Guests are limited to about 32 to keep it intimate and are reached through The Wandering Chew website and social media.
The dinners were held in restaurants serving that kind of food. In the first case, Café Zosha on Park Avenue and the second, Amaranto in Monkland Village.
The food is prepared off-site and brought in. A professional chef is hired to help with the plating and serving, while the co-hosts share stories they have gathered about the featured community and the influences on its cooking. Guests leave with the recipes to try at home.
Romanow, 29, describes herself as a scholar of Jewish food, and her Judaic studies master’s thesis at Concordia University was on the post-Passover Mimouna tradition among Montreal’s Sephardim. She writes for various publications on her food.
Warshaw comes from a long line of Jewish cooks, but is not related to the owners of the now-defunct St. Laurent Boulevard grocery store of the same name.
A McGill University graduate in cultural studies and music history, her regular job is social action co-ordinator in the federation’s outreach and engagement department.
Warshaw’s lineage inspired The Wandering Chew’s next dinner on June 10. Her great-grandmother was one of the editors of the iconic Ashkenazi cookbook A Treasure for My Daughter, first published by Canadian Hadassah-WIZO in 1950.
It is still popular, and in December went into its 14th printing.
As it will be just the week after Shavuot, the duo is going to whip up a dairy meal – and a very traditional, back to their roots one at that.
The first course is mock chopped liver with rye bread and cheese straws, followed by cheese blintzes and cold beet borscht. The main is baked stuffed whitefish with scalloped potatoes, with strawberry shortcake for dessert.
The dinner will be held at La Petite Adresse on Park Avenue, near the old Jewish neighbourhood.

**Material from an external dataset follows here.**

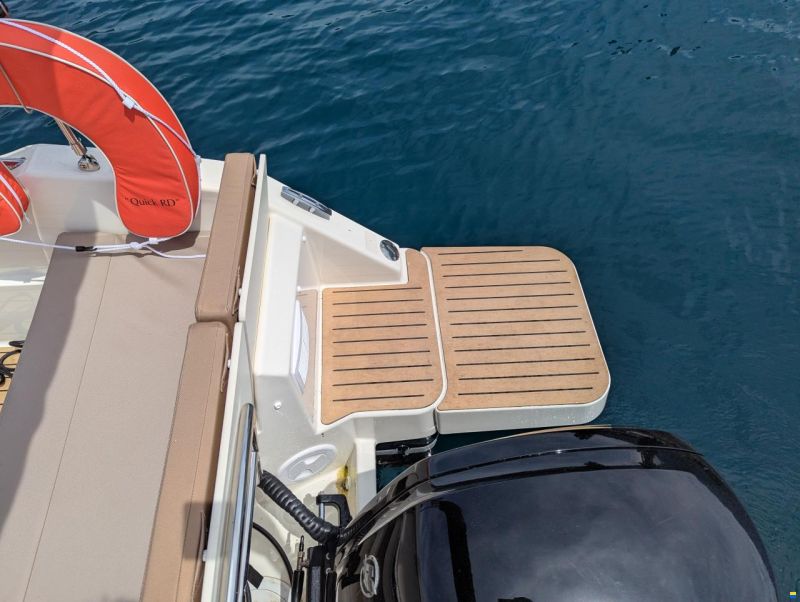 Quicksilver Activ 555 Cabin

CHW is thrilled at the interest of a young generation in what was at one time a bible for Jewish housewives, said Alanna Elias, the organization’s local co-ordinator. Not only does the book offer recipes, but served as a guide to holidays and life-cycle events.
CHW is collaborating with The Wandering Chew, but has left the dinner’s planning entirely up to Romanow and Warshaw.

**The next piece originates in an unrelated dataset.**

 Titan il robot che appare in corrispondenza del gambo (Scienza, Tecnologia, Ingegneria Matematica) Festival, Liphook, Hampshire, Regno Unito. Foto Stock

“This is a great means of outreach to younger people,” Elias said. “It feels like things have come full circle with Sydney following in a way in her great-grandmother’s footsteps.”
Warshaw’s ancestors came from Poland and Russia; Romanow’s from Ukraine and Italy.
In between dinners, The Wandering Chew gets its teeth into other food-related projects in the community. For instance, they gave a hands-on cooking class for Purim on how to make not only the ubiquitous hamantashen, but popular holiday treats from other Jewish communities like sambusak, a turnover filled with curried chickpeas and onions.
After the Treasure feast, Romanow and Warshaw are headed to New Orleans to research southern Jewish cuisine for a possible dinner on that theme. They are also thinking of doing a Scandinavian brunch later in the summer.
Despite exposure to so much tempting fare, their favourite Jewish foods are of the comforting variety: both women name chopped liver (the real kind, not mock). Romanow also savours salade cuite, a cooked tomato and pepper dip especially popular with Moroccans and Israelis, while Warshaw goes for rugelach, especially her mother’s.